You've been there. A form with an upload field. A perfectly good image. And a message that says the file is too large, the wrong format, or the wrong dimensions.

In 1996, a web designer in California typed bgcolor="#FF0000" into an HTML file and saw red. Literally. The hexadecimal colour code — six characters representing the precise mixture of red, green, and blue light — became the standard way computers describe colour on screens.

Thirty years later, we still use hex codes. We also use RGB. And HSL. And HSB (which is different from HSL). And CMYK for print. And Pantone for brand guidelines. And OKLCH for modern CSS. And LAB for perceptual accuracy. And named CSS colours that occasionally disagree with each other about what “dark grey” looks like.

This is the colour tower of Babel. Every system describes colour differently, and converting between them is a daily task for anyone who works across design tools, code editors, and print workflows.

A designer receives a brand guideline specifying Pantone 286 C. They need the hex equivalent for a website, the RGB values for a video overlay, the CMYK breakdown for a business card, and the HSL values for a CSS animation. Four conversions for one colour. Multiply that by a brand palette of eight colours and you’re doing arithmetic that feels like it should have been automated decades ago.

Image formats have an equivalent fragmentation problem. JPEG, PNG, WebP, HEIC, AVIF, TIFF, BMP — each with different browser support, different compression profiles, different transparency support, different size implications. What uploads to one platform rejects on another. What looks perfect on a Mac renders wrong on Windows. What passes a 5MB limit as a PNG is 12MB as a TIFF.
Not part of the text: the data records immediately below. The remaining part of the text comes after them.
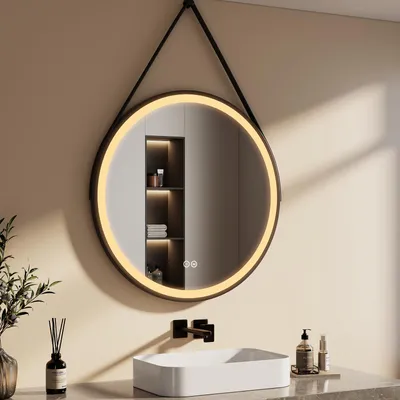 A modern bathroom scene featuring a round LED mirror above a sink.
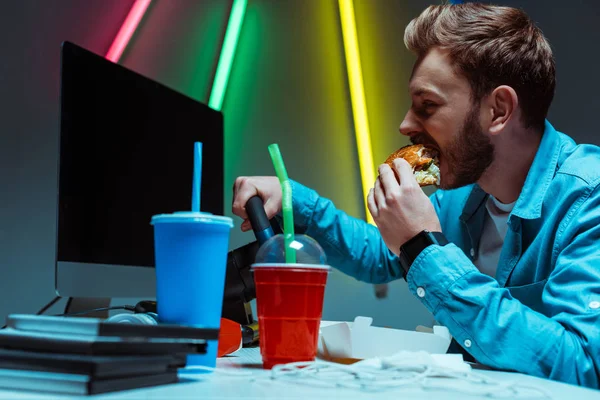 Selective focus of handsome and good-looking cyber sportsman eating tasty burger and playing video game — Stock Photo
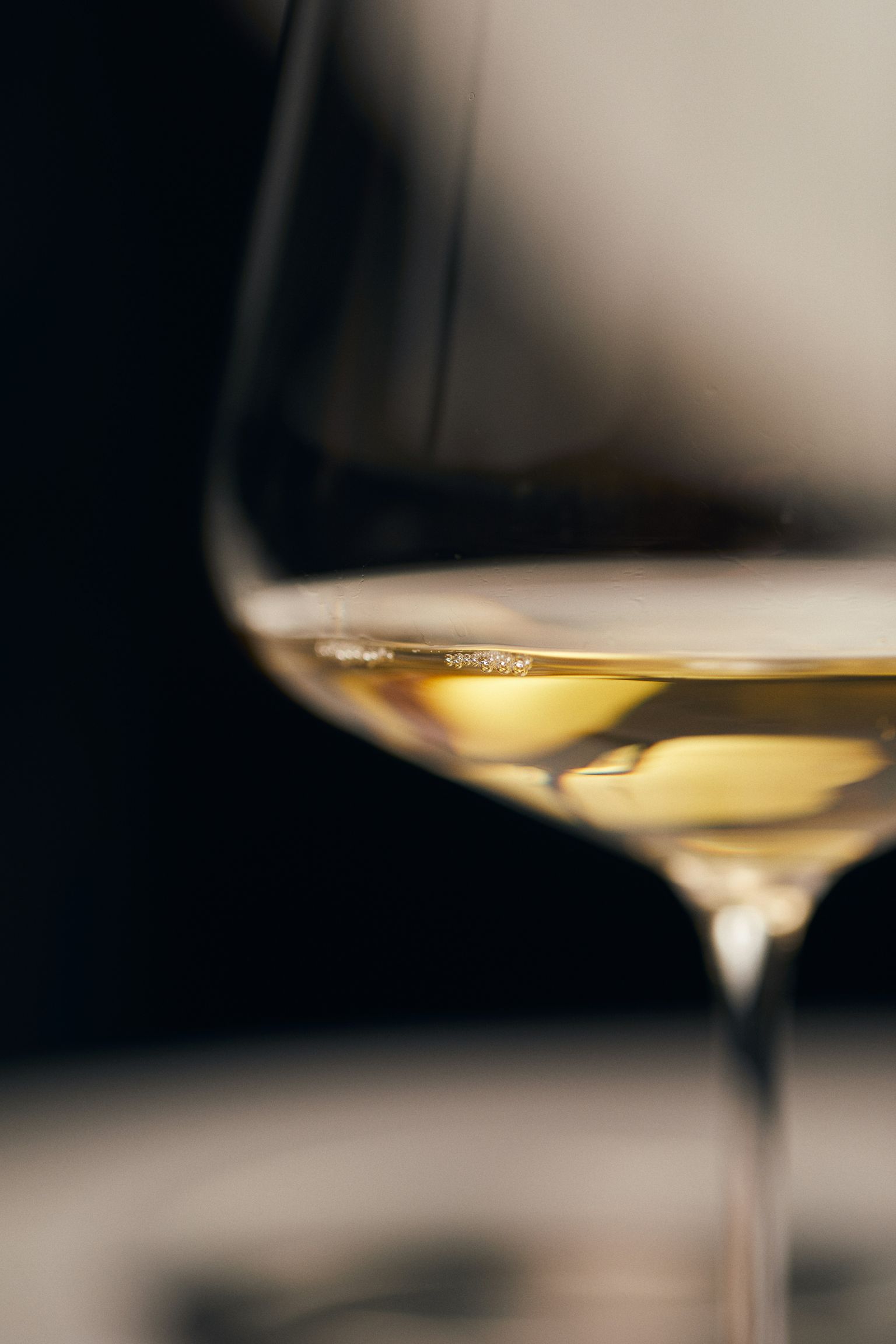Glas mit goldenem Wein, elegant und klar beleuchtet.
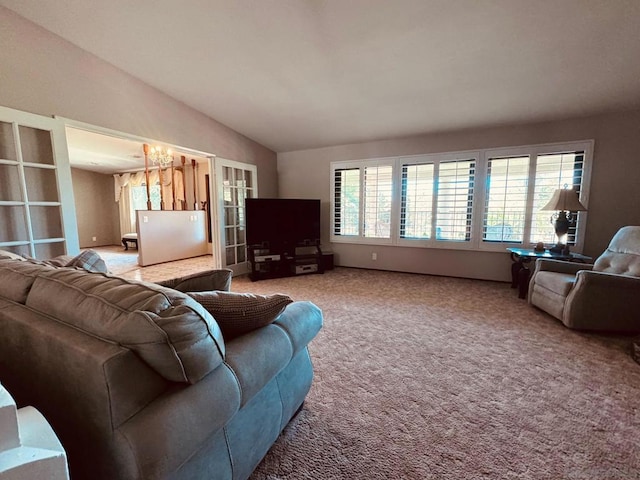 carpeted living room with lofted ceiling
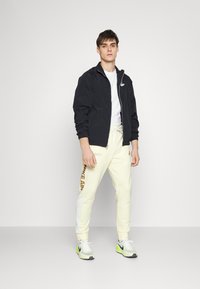 Nike Sportswear Calças de fato de treino - coconut milk/white/dark driftwood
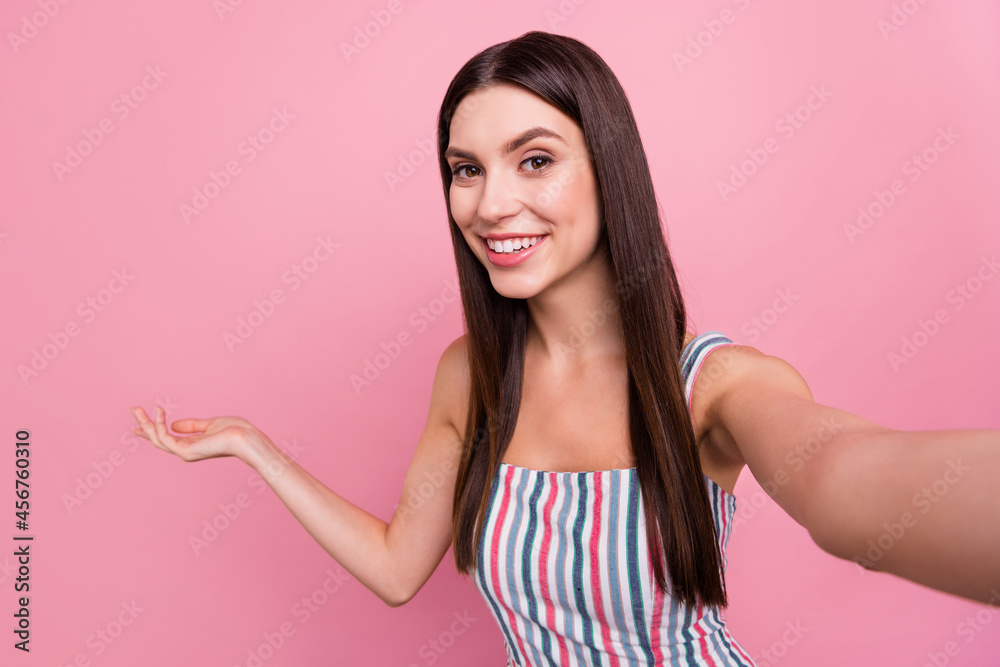 Self-portrait of attractive brown-haired cheerful girl showing copy space invite isolated over pink pastel color background Self-portrait of attractive brown-haired cheerful girl showing copy space invite isolated over pink pastel color background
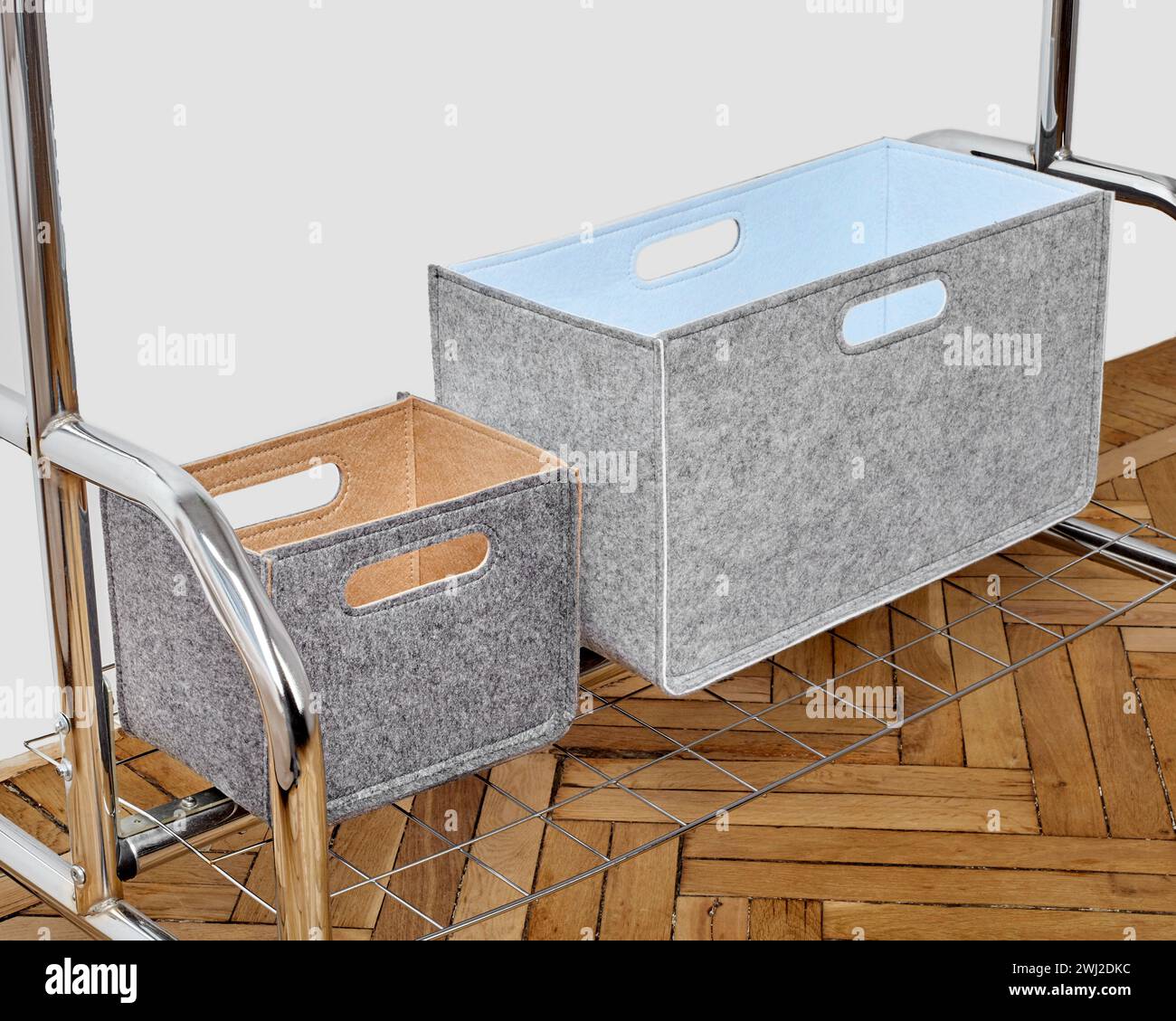 Grey felt storage bins placed on chrome shelving unit over herringbone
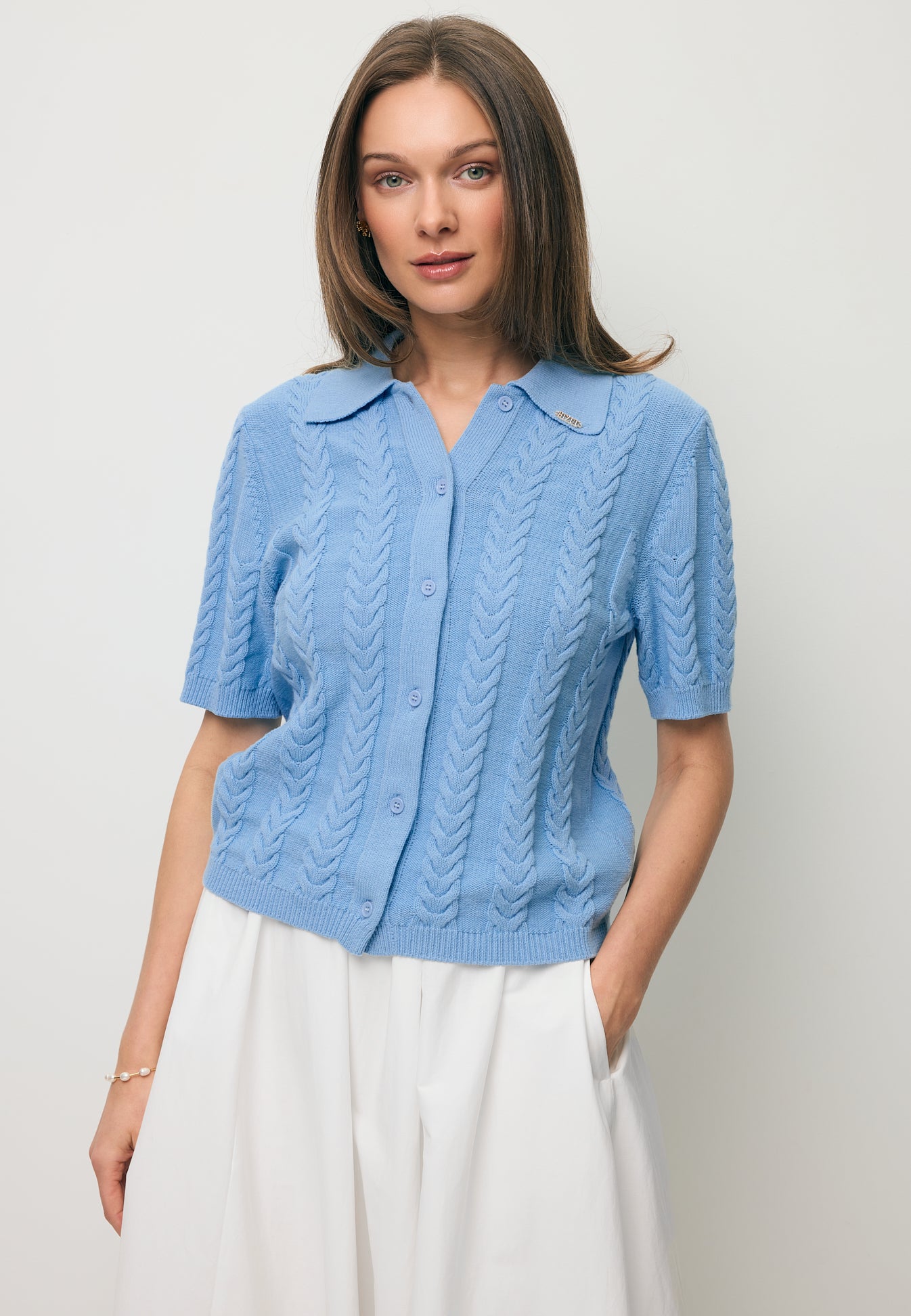 Zbliżenie na modelkę trzymającą rękę w kieszeni kremowej spódnicy NUBE, ubrana w niebieski sweterek z kołnierzykiem i krótkim rękawem PATRI.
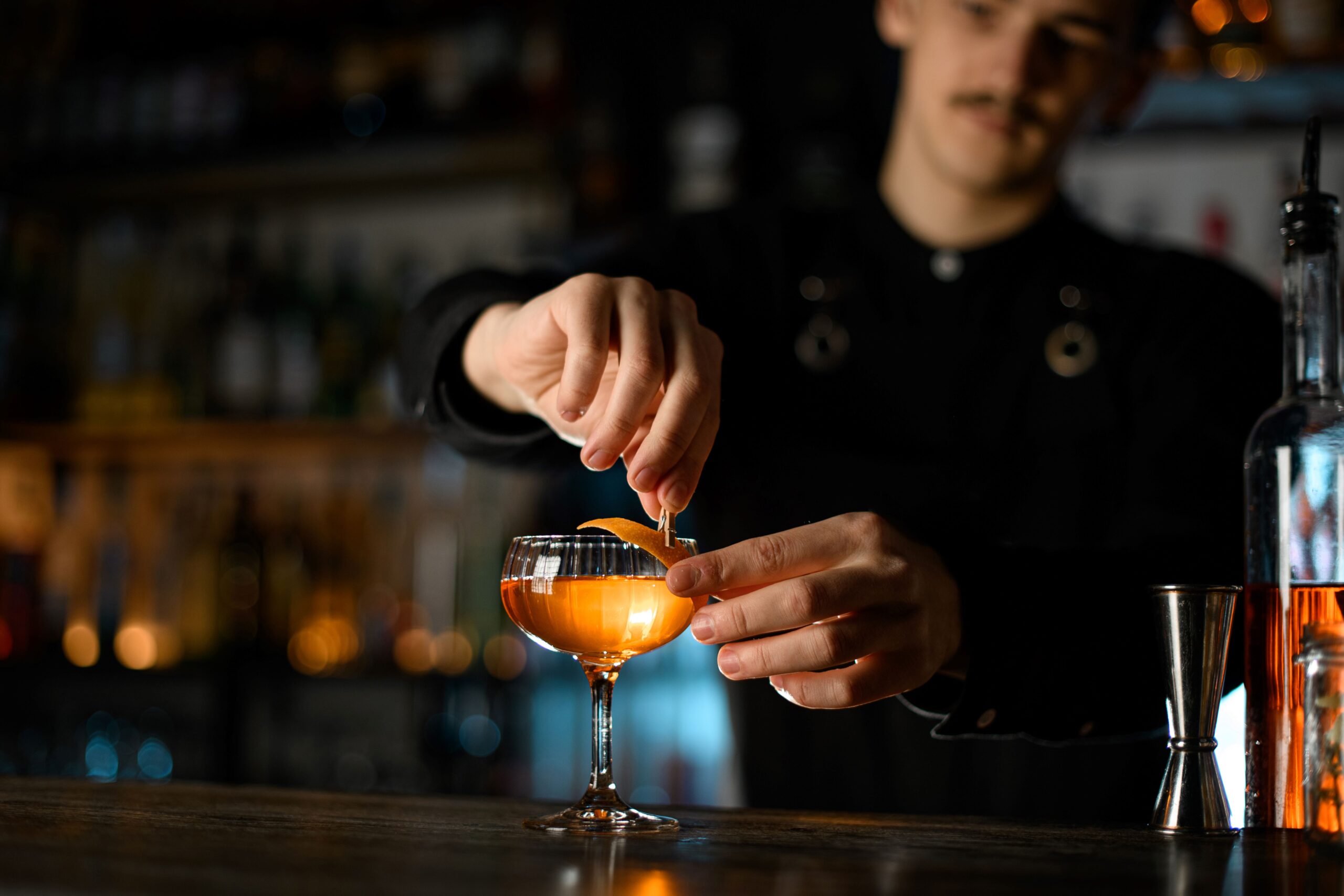 Eine Person macht ein Cocktail an einem Bar Tisch 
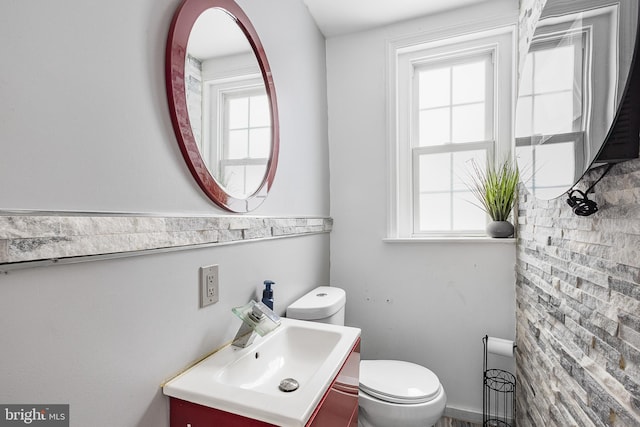 bathroom with vanity, plenty of natural light, and toilet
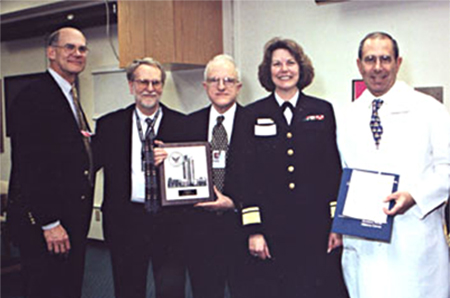 Dr. Thomas Fleisher, chief, Laboratory of Medicine, Dr. Steven Fischer, Dr. Frank G. Witebsky, Rear Adm. Kathleen Martin and CC Director Dr. John Gallin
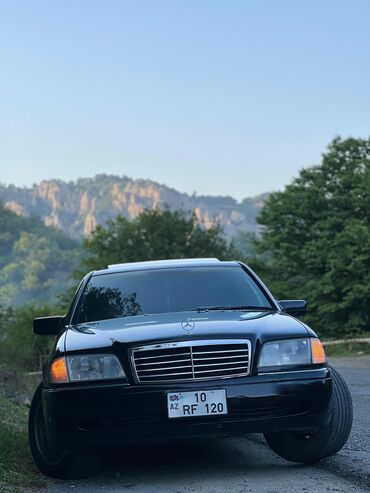 opel astra c: Mercedes-Benz 220: 2.2 l | 1996 il Sedan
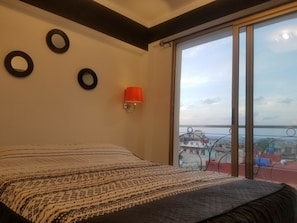 Ein Schlafzimmer mit einem Bett, einem Fenster mit Blick auf eine Stadtlandschaft und einer Wandlampe.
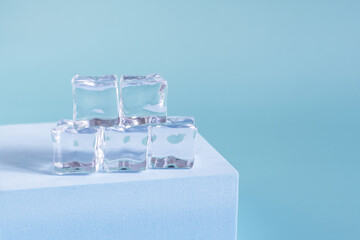 Transparent ice cubes on a blue podium and a light background of kopi space. Background of transparent ice cubes close-up and.
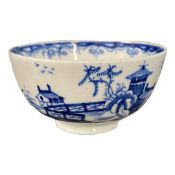 Lowestoft porcelain tea bowl with blue and white chinoiserie design (hairline to rim)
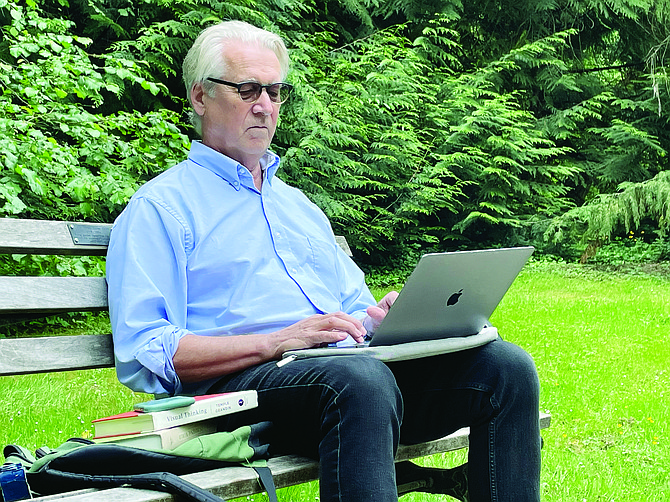 Madison Park resident and new author Peter O’Neil sits in front of his computer in Madison Park recently.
It has been automated — but always behind a gate. Format converters are built into design tools that cost $20/month. Online converters are riddled with ads, give inconsistent results, and often can’t handle the format you actually need. Users end up bookmarking three different websites for three different conversions.

The underlying problem is simpler than the ecosystem makes it look. Most image format conversions are deterministic. JPEG to WebP. PNG to JPG. HEIC to anything-else. These are solved problems — the codecs have been open-source for decades. What’s missing is a clean interface that runs locally, doesn’t upload your files, and handles the full range of cases without asking you to create an account.

What should exist is a single surface where you drop any image and get back the format you need. No account. No ads. Just a conversion.